I have cleared the trees and added 45 more feet in width to the enclosure area, as well as not to enclude the pond I dug for the animals, as it is too deep. The building is formed up, pouring concrete this weekend, and framing after it cures the following week. 

Currently the enclosure is 127' long and 85' wide, with a side yard of covered trees behind the sulcata and leopard building that is 14' by 107'.

These are progress photos, so dont worry their will be a perimeter fence placed in front of the barb wire fence.

Any suggestions on anything would be great.
I wanted to make a built up planter in the middle of the enclosure about 30 feet in front of the enclosure and fill it with palms,banana trees, and maybe crape murtyle trees. 

Im going to seed this area with a graze grass mix, as well as irrigate the area with baseball field sprinkler heads for maximum "rain" coverage.

Well lets here some options from people.


----------



## wellington (Aug 14, 2012)

The man to ask for advice, would be Greg ALDABRAMAN. If anyone knows Aldabras, well of course he does. Good luck with your endeavor.


----------



## bobbymoore (Aug 14, 2012)

looks like its going to be great


----------



## tortadise (Aug 14, 2012)

wellington said:


> The man to ask for advice, would be Greg ALDABRAMAN. If anyone knows Aldabras, well of course he does. Good luck with your endeavor.



yeah I have asked him a few things, I just want to bother him too much. I was thinking like terms of how to put a little more design in it. I obviously dont want to take much room from the enclosure. But I do love making the pens fully planted and have a great tropical island feel to it. There is one corner of the enclosure I planned to make a 30x30 sand/nesting box for them in the shaded portion along the creek side.


----------



## ALDABRAMAN (Aug 14, 2012)

*Looks great! Some of the thngs i can share from experience is that large aldabras are strong and determined. They do not back up or turn around easy, they need open space without obstacles. Everything you build needs to be very strong and best to use wood, avoid concrete and any metal if possible. Your project is exciting! *


----------



## tortadise (Aug 14, 2012)

the door will be 5' wide clear. Im going to utilize a barn hinge so it can open and be latched to the building. So 5' clear is what I left for the door. And yes once I frame the building the fence will be tied into the back corner on the right side of the building, as well as the left side of the building the permiter fence will tie into the front left corner of the building. I hated cutting off that corner on the left side of the building but, I figured this would be a favorable spot for biggens to wedge themselves into. Im going with a smooth radius style corners on the enclosure walls. What do you think mr.greg?


----------



## Jacqui (Aug 14, 2012)

So at this point other then of course the grass, the only planting inside the enclosure will be the planter. Will they be allowed to get into it? Where are you going to place their water hole?


----------



## Tom (Aug 14, 2012)

How about a walk in pond?
A grassy knoll or two?
Some boulders and felled trees for furniture and some sight barriers?


----------



## tortadise (Aug 14, 2012)

Tom said:


> How about a walk in pond?
> A grassy knoll or two?
> Some boulders and felled trees for furniture and some sight barriers?

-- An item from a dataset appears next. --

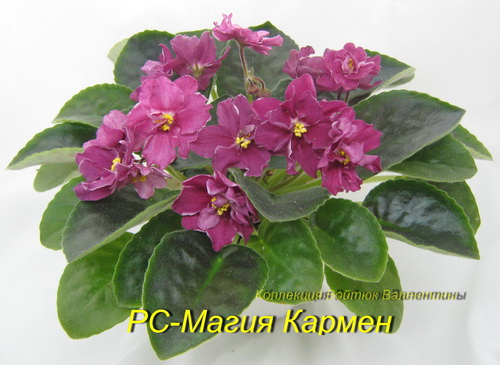 РС-Магия Кармен.jpg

HAHA. I thought of doing a pond (hence the huge hole in the picture) but it really is a HUGE pain to mantenance. So the fence stops there and the zebras(my moms soon to be pets) will have the pond. Im just gonna go with the good ol giant water dishes from tractor supply. I use them for my dogs, and greg seems to use them too so figure Id follow the master.



Jacqui said:


> So at this point other then of course the grass, the only planting inside the enclosure will be the planter. Will they be allowed to get into it? Where are you going to place their water hole?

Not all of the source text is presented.